However, West German Chancellor Helmut Schmidt negotiated an agreement with Somali President Siad Barre that allowed the West German tactical unit GSG 9 to take control of the crisis and storm the aircraft. Special envoy Hans-Jürgen Wischnewski and GSG 9 commander Ulrich Wegener travelled to Mogadishu with approximately 60 GSG 9 commandos, organised into two assault elements.

After a four‑day odyssey, the hijackers directed the Boeing 737 to Mogadishu, Somalia, where they awaited the arrival of the Red Army Faction prisoners following a false signal from the German government that they would be released. On the night of 17–18 October, Somali ranger units created a diversion while GSG 9 operators stormed the aircraft.

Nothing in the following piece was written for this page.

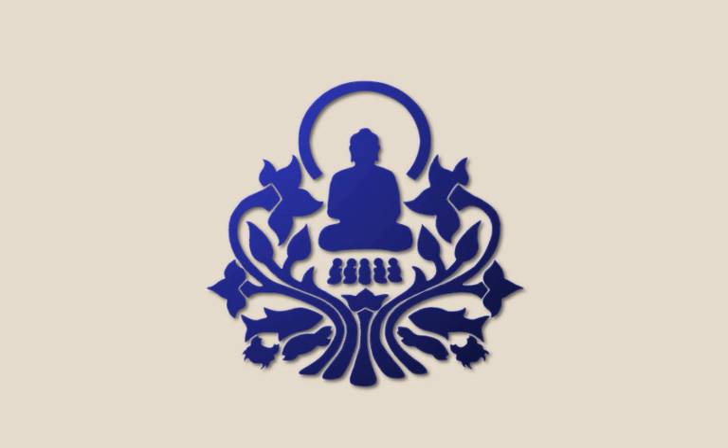Try to relax into an erect posture. Then as you breathe in and breathe out, try to keep that sense of relaxation going. Because sometimes when you're consciously breathing, you tend to tense up certain parts of the body to get the breath in, to push the breath out.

The assault lasted seven minutes and resulted in the successful rescue of all hostages. Three hijackers were killed and the fourth critically wounded. Only one GSG 9 operator and one flight attendant sustained minor injuries. The operation was widely praised within the international counter‑terrorism community, as aircraft assaults are regarded as among the most complex and hazardous forms of hostage‑rescue missions.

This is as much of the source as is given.